Feb 18 2014
By Fatih Abdulsalam
Azzaman, February 18, 2014
There are so many interpretations, guesses and innuendos about the decision by Shiite cleric Moqtada Sadr to retire from political life in the country.
Sadr was so clear in citing reasons for his decision which goes as far as rejection to have representatives in the Iraqi parliament; in other words he and his political faction, with a large popular base, will not be taking part in the forthcoming elections.
Sadr is disappointed with the performance of the government, which he denounced and wanted to have nothing to do with.
I disagree with those saying that the cleric will change his mind once the time for election comes because there are many influential figures in his own group who are eager to keep their strong bloc in the parliament.
I see Sadr’s decision not only a denunciation of the government but also a condemnation of the elections, because he believes they will bring nothing new to change conditions in Iraq for the better.
The decision to withdraw from the political process by a powerful political group like the one led by Sadr was so shocking that it renders any change of mind almost impossible.
Sadr did not take such a drastic decision only to withdraw later.
There are certain political factions who will surely be adversely affected by Sadr’s decision, but I do not think their pleas for him to reconsider his position would work,
The decision, in my opinion, does not reflect disappointment on a personal level. It shows that Sadr and his millions of followers are extremely unhappy with the status quo in the country, which has remained the same and is leaning more and more towards dictatorship as evidenced by some hegemonic practices and rampant corruption.
Undoubtedly, the decision will influence the Iraqi political scene to a great extent and probably in a decisive way.
The decision of such magnitude cannot be naively interpreted as a move by Sadr to leave the political process through the door and jump on it through the window.

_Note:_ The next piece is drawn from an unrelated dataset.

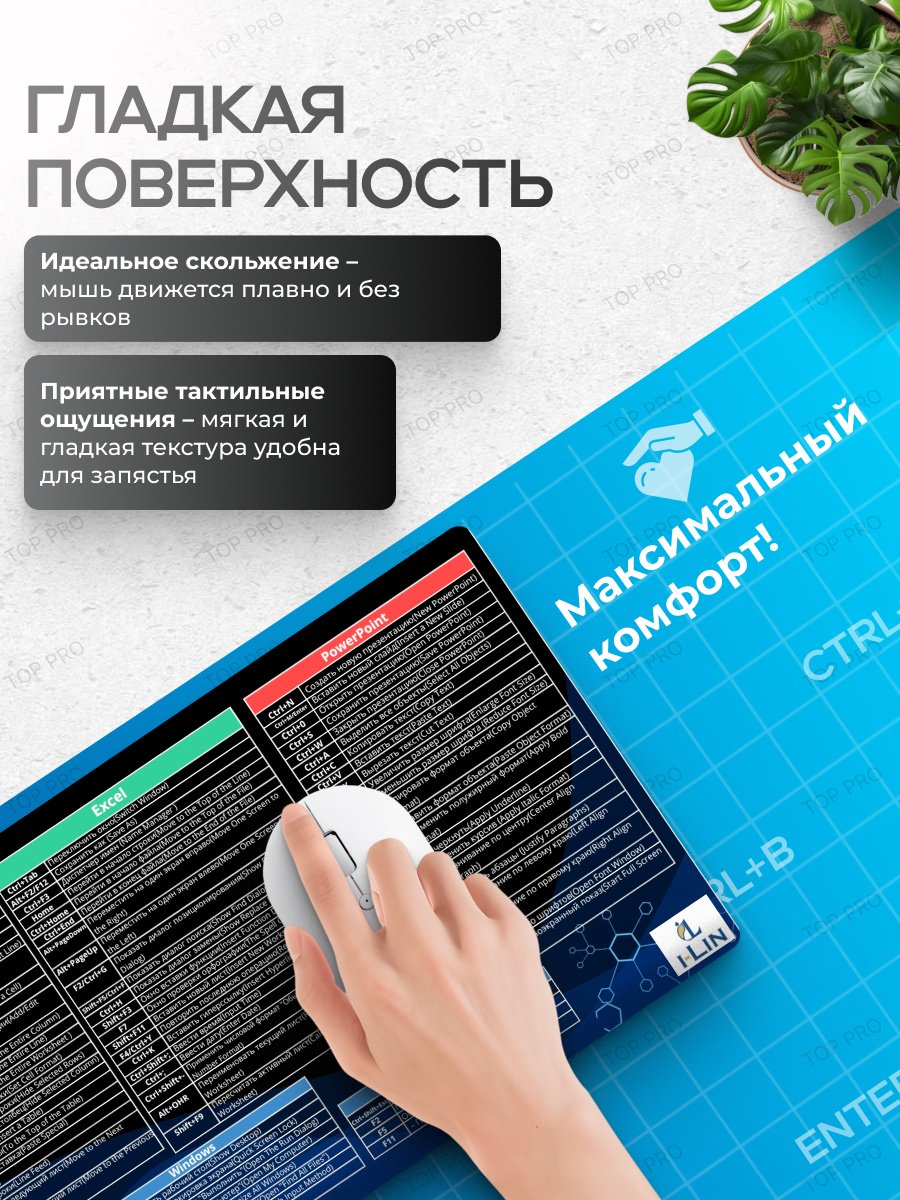 Коврик для мыши I-Lin горячие клавиши Windows 900x400x3 мм синий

Sadr was very clear in his decision that he and his group can no longer work with the same personalities and factions ruling the country.
The era after Sadr’s decision to retire from political life will not be the same as the era before it.
Sadr’s political faction is more immersed in the conscience of the Iraqi people than any other group. He cannot as the head of a popular movement ride a political wave for certain personal or factional gains. He also cannot become the ‘lackey’ of any foreign power or intelligence agency.
Those who are pleading with Sadr to reconsider his position do so not because they are concerned for the cleric’s standing and political influence. They fear for their own positions because without him on their side they will be exposed and easily beaten.